Precision touch. The touch resolution of DiamondTouch is extremely good – possibly better that any other direct touch technology. Even though a typical fingertip is a centimeter or more in diameter, the touch resolution of DiamondTouch is 0.3mm – smaller that a pixel in most cases. How do we do this? The spacing of the antennas is 5mm. A typical fingertip touch puts the user in contact with several antennas at once. Interpolating the location of the peak signal, DiamondTouch resolves 16 points between each antenna. The result is that, by rocking the fingertip, users can actually target individual pixels on a high resolution display.

Good “feel”. Some touch technologies require the user to press hard. Others are confused by hovering and result in false touches, reacting when the user did not actually touch the screen.
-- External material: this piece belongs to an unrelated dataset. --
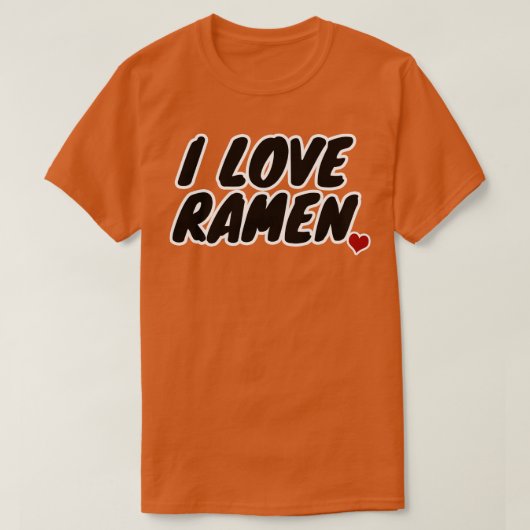 I Love Ramen T-shirt (Design voorkant)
DiamondTouch is capacitive, and the feel is just what you would want. A touch is recognized only at the moment when the user feels skin contact.

Debris tolerance. Drop your phone, your car keys, papers, coffee cup on the table – even spills are no problem. There is no glass to break and the surface is quite durable. Also, the presence of these objects does not disturb the touch sensitive surface – it reacts only to touch. This was one of the design goals of DiamondTouch. To support Tabletop Computing, users should be allowed to treat the table like a real table.

Multi-user touch. Because DiamondTouch knows who is who, users can work together – no need to take turns. The simple example of a painting program illustrates the importance of multi-user touch. One user touches blue on the pallet while another touches yellow, and they can simultaneously paint with their color of choice. Only DiamondTouch can do this. DiamondTouch enables multi-user software with userbased preferences where, for example, certain buttons may be enabled for the teacher and disabled the students. And DiamondTouch enables applications to maintain an audit trail as to who did what.